# GnuTLS vulnerable to validation check bypass



## SirDice (Mar 7, 2014)

I haven't seen a lot of press about this. Apple's "goto-bug" got a lot more. But it appears that GnuTLS made some similar mistakes. There are quite a number of ports that depend on GnuTLS so you may want to check your systems. The current versions in the ports tree should be fixed now. 

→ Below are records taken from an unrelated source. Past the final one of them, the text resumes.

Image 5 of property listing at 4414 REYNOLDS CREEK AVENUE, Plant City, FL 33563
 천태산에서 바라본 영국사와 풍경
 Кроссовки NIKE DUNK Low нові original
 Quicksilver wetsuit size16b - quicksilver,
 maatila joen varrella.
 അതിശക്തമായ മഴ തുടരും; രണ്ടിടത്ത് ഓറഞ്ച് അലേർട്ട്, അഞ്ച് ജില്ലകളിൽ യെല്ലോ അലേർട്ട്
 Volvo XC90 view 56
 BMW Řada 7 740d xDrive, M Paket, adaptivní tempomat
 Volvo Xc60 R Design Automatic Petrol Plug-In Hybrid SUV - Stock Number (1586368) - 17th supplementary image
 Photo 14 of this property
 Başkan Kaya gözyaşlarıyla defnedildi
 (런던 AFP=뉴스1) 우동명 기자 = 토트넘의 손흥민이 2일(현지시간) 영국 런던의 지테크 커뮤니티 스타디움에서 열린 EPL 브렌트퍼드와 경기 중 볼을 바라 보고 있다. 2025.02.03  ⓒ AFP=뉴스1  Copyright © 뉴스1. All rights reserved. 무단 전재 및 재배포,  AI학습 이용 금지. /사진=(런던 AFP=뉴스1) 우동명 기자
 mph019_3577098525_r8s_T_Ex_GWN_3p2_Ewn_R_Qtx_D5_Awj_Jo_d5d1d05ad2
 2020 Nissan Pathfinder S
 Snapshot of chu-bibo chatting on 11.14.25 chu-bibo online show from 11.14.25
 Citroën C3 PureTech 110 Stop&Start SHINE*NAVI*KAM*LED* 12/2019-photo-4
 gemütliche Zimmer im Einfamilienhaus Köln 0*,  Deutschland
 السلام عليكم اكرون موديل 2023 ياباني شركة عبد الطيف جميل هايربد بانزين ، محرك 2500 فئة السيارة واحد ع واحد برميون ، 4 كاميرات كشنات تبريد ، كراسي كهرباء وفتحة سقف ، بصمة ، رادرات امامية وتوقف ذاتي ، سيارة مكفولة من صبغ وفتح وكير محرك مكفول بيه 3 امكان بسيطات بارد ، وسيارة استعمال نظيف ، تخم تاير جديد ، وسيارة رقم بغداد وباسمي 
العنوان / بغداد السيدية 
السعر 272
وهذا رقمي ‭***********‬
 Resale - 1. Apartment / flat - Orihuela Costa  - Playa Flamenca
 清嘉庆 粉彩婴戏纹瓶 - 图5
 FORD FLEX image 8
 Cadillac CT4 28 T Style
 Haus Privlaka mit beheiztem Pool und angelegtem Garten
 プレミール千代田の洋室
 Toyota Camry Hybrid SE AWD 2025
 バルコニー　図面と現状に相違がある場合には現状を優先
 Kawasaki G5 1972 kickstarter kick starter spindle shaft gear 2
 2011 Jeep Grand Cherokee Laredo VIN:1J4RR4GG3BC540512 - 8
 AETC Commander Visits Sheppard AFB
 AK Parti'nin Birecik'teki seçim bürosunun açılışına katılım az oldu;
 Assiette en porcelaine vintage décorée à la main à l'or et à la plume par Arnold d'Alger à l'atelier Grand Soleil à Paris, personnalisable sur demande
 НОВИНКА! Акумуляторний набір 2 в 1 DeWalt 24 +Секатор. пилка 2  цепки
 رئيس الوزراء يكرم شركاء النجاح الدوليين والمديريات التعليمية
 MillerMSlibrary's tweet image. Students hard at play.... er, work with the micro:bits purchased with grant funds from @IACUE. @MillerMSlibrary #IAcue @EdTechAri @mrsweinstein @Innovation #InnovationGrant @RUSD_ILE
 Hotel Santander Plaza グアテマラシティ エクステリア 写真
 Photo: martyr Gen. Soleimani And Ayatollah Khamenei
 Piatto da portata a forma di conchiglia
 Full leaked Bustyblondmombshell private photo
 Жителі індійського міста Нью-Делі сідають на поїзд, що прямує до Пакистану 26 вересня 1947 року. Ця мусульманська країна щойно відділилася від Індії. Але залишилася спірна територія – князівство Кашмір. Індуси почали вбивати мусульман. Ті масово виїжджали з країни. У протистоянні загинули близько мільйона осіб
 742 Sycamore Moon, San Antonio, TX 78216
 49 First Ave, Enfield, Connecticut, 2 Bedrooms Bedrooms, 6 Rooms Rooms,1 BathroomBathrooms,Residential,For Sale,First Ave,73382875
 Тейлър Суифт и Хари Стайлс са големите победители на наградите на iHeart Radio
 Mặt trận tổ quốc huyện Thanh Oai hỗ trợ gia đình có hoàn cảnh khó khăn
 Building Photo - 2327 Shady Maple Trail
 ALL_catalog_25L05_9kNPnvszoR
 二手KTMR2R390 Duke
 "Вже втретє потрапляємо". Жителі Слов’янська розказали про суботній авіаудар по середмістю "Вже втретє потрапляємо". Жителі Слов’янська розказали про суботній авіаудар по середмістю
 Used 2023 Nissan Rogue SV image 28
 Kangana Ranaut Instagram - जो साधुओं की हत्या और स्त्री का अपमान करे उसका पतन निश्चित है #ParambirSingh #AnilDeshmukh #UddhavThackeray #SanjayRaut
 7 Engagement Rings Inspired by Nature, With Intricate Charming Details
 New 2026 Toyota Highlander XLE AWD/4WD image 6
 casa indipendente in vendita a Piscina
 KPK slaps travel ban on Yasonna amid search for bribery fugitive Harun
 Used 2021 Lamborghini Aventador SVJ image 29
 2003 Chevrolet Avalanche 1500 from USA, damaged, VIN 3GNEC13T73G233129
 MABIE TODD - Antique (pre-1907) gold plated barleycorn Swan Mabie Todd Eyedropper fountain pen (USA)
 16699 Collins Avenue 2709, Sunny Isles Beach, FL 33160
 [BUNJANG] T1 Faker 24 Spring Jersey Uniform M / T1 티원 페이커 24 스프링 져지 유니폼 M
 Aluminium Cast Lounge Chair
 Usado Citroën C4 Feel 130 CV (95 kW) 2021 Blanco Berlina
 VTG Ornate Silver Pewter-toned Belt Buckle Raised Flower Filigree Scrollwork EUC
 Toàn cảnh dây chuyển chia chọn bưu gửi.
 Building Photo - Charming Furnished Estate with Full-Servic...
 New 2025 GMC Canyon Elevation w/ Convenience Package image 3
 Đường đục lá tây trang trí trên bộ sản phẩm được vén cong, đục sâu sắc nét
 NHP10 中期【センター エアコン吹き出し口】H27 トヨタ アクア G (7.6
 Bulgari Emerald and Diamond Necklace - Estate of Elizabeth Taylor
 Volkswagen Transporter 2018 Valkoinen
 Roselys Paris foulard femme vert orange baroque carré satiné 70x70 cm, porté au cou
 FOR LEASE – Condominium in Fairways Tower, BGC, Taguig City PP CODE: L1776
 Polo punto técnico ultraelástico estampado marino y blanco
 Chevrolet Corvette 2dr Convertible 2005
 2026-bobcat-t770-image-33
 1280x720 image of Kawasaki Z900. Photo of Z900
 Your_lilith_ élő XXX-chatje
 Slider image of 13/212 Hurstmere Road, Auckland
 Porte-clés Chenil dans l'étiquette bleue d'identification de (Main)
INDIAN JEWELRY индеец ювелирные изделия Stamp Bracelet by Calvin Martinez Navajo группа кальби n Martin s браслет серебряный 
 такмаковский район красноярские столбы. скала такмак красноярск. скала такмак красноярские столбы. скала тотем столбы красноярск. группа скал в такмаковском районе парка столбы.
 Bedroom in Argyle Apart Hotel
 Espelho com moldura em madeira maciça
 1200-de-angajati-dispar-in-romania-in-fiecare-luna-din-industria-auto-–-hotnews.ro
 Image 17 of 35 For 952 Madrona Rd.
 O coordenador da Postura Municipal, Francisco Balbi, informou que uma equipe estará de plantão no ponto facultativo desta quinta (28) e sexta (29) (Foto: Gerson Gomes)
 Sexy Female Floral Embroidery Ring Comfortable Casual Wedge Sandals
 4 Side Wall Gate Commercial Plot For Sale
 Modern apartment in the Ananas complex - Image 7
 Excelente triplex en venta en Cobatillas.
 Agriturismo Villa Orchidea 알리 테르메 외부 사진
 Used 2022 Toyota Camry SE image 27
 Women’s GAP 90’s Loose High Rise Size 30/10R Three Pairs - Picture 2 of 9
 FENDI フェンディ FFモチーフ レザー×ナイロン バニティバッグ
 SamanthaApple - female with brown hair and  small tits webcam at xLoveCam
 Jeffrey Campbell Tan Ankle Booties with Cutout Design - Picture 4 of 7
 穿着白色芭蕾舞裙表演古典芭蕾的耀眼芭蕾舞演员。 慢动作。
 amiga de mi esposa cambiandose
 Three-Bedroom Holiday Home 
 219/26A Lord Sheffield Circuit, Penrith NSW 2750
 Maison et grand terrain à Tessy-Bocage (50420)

http://www.gnutls.org/security.html#GNUTLS-SA-2014-2
http://www.vuxml.org/freebsd/f645aa90-a ... 69bc2.html
http://arstechnica.com/security/2014/03 ... sdropping/


----------



## kpa (Mar 7, 2014)

There were some updates just recently to fix the vulnerabilities, security/gnutls:

http://svnweb.freebsd.org/ports?view=revision&revision=347078

And for security/gnutls3:

http://svnweb.freebsd.org/ports?view=revision&revision=347083


----------



## fonz (Mar 7, 2014)

SirDice said:
			
		

> There are quite a number of ports that depend on GnuTLS so you may want to check your systems.


According to Freshports, security/gnutls3 is only required by multimedia/vlc, but security/gnutls (2) is required by some 70-odd ports and I suspect there might be more where GnuTLS is a selectable option.


----------